This is the boiling-point elevation equation:
$$ \Delta\mathrm{T}_{b}=ib\mathrm{K}_{eb}. $$
If we do the limit of the above, for $b\rightarrow\infty$ we find that the boiling-point elevation is infinite. How this could be explained under a physical view?

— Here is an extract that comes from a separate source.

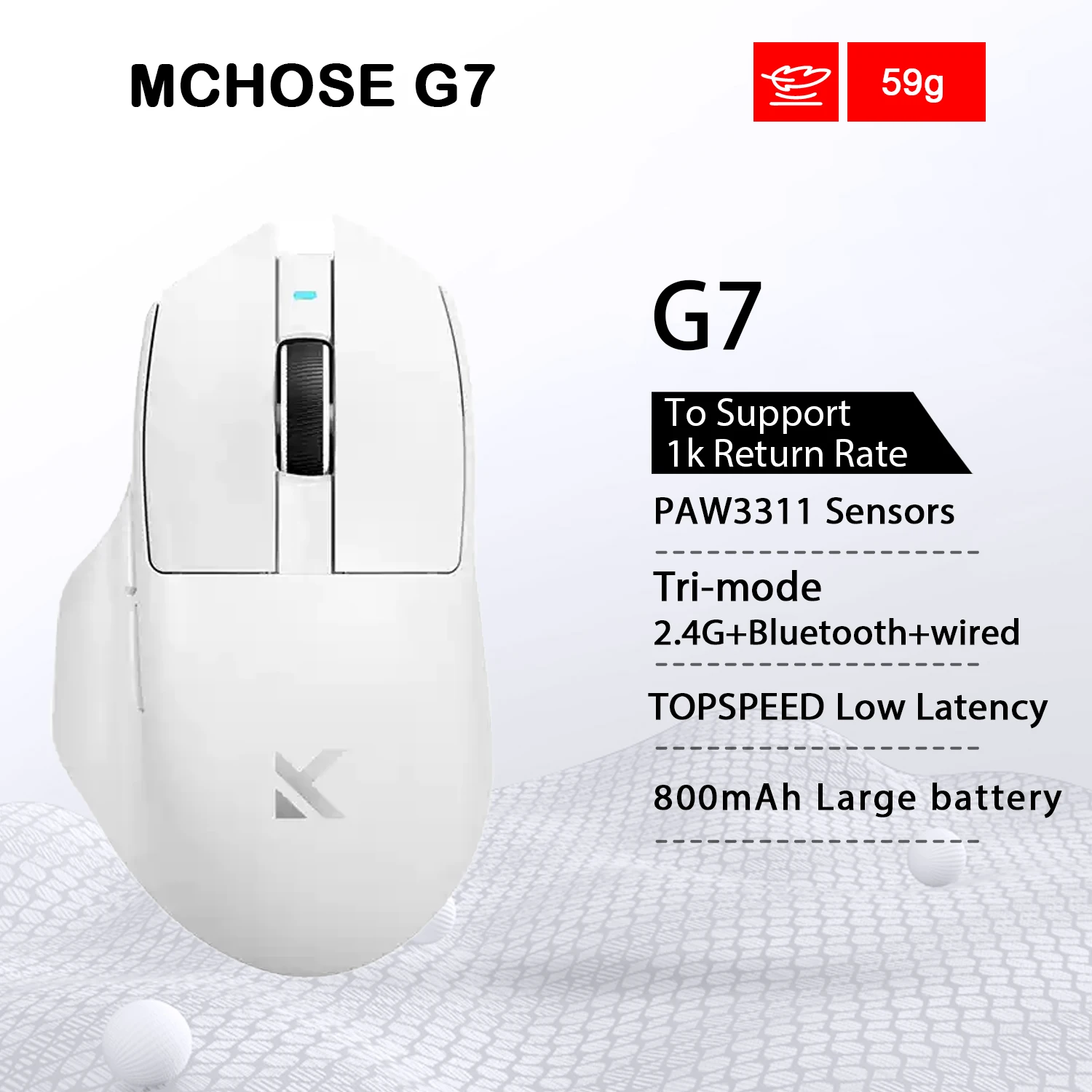 Original Mchose G7 Wireless Gaming Mouse Bluetooth Tri-Mode PAW3311 Lightweight Large Battery Ergonomic for PC Laptop FPS Office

$$ \lim_{b~\rightarrow~\infty}ib\mathrm{K}_{eb}=\infty,~\text{if}~i\wedge b > 0. $$
For example, if we use a solute molality that is so big that the solution would be something like the pure solute, the final boiling-point of the solution, in the case of water as solvent for example:
$$ \mathrm{T}_{b}=ib\mathrm{K}_{eb} + 100\mathrm{°C}. $$
wouldn't be like the boiling-point of the pure solute? I mean, something like this:
$$ \lim_{b~\rightarrow~\infty}\mathrm{T}_{solution}=\mathrm{T}_{solute}. $$
Now, please forget what I've said above about $b\rightarrow\infty$. And take a look at this:
$$ T(b) = 0.86b + 64.7. $$
As you can see is, the boiling-point of a solution of $\mathrm{CH_3OH}$ with $\mathrm{H_2O}$ as solute would be $322.7\mathrm{°C}$ for $b = 300$. This it's weird to me 'cause that temperature would be about three times higher then the boiling-point of the pure water!
So the following:
$$ \mathrm{T}_{b}=ib\mathrm{K}_{eb} + \mathrm{T_{solvent}}. $$
holds true if
$$ b = \frac{x~\mathrm{g}_{solute}}{1000~\mathrm{g}_{solvent}} \le 1 $$
right? If yes why (in the above case):
$$ 0.86\frac{1000~\mathrm{g}}{18.01528~\mathrm{g}/\mathrm{mol}}\frac{1~\mathrm{mol}^2}{1~\mathrm{kg}} + 64.7~\mathrm{°C} = 112.4~\mathrm{°C} $$
?